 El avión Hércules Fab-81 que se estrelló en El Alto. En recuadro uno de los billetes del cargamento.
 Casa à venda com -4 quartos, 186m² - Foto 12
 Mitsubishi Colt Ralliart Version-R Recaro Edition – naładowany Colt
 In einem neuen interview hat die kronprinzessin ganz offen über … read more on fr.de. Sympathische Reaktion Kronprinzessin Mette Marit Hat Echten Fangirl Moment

» What you have to do
Your output must contain exactly the lines from the one containing "Mitsubishi Colt Ralliart" to the final line of the data above, and no other text.

» Response to the exercise
 Mitsubishi Colt Ralliart Version-R Recaro Edition – naładowany Colt
 In einem neuen interview hat die kronprinzessin ganz offen über … read more on fr.de. Sympathische Reaktion Kronprinzessin Mette Marit Hat Echten Fangirl Moment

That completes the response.